## Brief
Line by line, set down the following material again exactly.

## Data block
········
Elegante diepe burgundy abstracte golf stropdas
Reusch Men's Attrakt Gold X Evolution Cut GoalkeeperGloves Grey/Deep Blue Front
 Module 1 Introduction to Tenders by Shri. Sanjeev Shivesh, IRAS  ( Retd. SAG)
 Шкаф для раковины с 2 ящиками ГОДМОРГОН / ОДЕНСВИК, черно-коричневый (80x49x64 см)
········
## Answer to the exercise
Elegante diepe burgundy abstracte golf stropdas
Reusch Men's Attrakt Gold X Evolution Cut GoalkeeperGloves Grey/Deep Blue Front
 Module 1 Introduction to Tenders by Shri. Sanjeev Shivesh, IRAS  ( Retd. SAG)
 Шкаф для раковины с 2 ящиками ГОДМОРГОН / ОДЕНСВИК, черно-коричневый (80x49x64 см)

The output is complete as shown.